David Scott Begley v. State

CourtIdaho Court of Appeals
DecidedJuly 10, 2013
StatusUnpublished

This text of David Scott Begley v. State (David Scott Begley v. State) is published on Counsel Stack Legal Research, covering Idaho Court of Appeals primary law. Counsel Stack provides free access to over 12 million legal documents including statutes, case law, regulations, and constitutions.

Bluebook
David Scott Begley v. State, (Idaho Ct. App. 2013).

Opinion

IN THE COURT OF APPEALS OF THE STATE OF IDAHO

Docket No. 39892

DAVID SCOTT BEGLEY, ) 2013 Unpublished Opinion No. 575 ) Petitioner-Appellant, ) Filed: July 10, 2013 ) v. ) Stephen W. Kenyon, Clerk ) STATE OF IDAHO, ) THIS IS AN UNPUBLISHED ) OPINION AND SHALL NOT Respondent. ) BE CITED AS AUTHORITY )

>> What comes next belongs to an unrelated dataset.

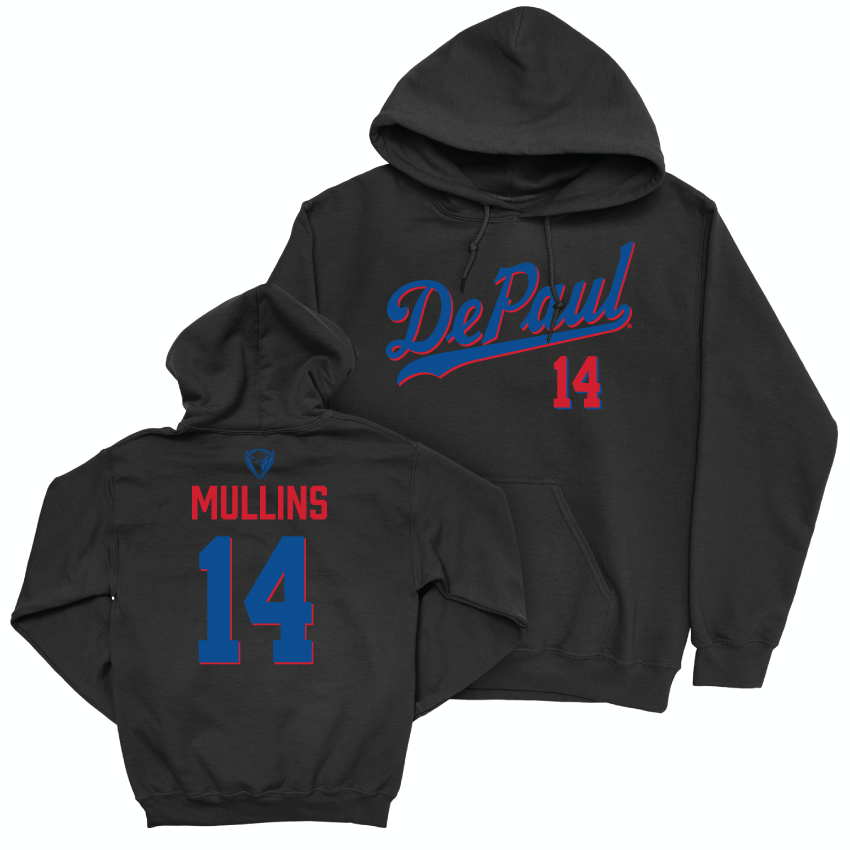 DePaul Men's Soccer Black Script Hoodie - Liam Mullins | #14 Youth Small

Appeal from the District Court of the Third Judicial District, State of Idaho, Canyon County. Hon. Thomas J. Ryan, District Judge.

Order summarily dismissing petition for post-conviction relief, affirmed in part, reversed in part, and remanded.

Sara B. Thomas, State Appellate Public Defender; Spencer J. Hahn, Deputy Appellate Public Defender, Boise, for appellant.

Hon. Lawrence G. Wasden, Attorney General; Nicole L. Schafer, Deputy Attorney General, Boise, for respondent. ________________________________________________ MELANSON, Judge David Scott Begley appeals from the district court’s order summarily dismissing his petition for post-conviction relief. For the reasons set forth below, we affirm in part, reverse in part, and remand. I. FACTS AND PROCEDURE In 2008, a grand jury indicted Begley on three counts of lewd conduct with a minor under the age of sixteen. In 2009, Begley entered an Alford 1 plea to one count of felony injury to a child, I.C. § 18-1501(1), and the state dismissed the three counts of lewd conduct. The district court sentenced Begley to a unified term of ten years, with a minimum period of confinement of one year. On appeal, Begley’s judgment of conviction and sentence and the denial of his

1 See North Carolina v. Alford, 400 U.S. 25 (1970).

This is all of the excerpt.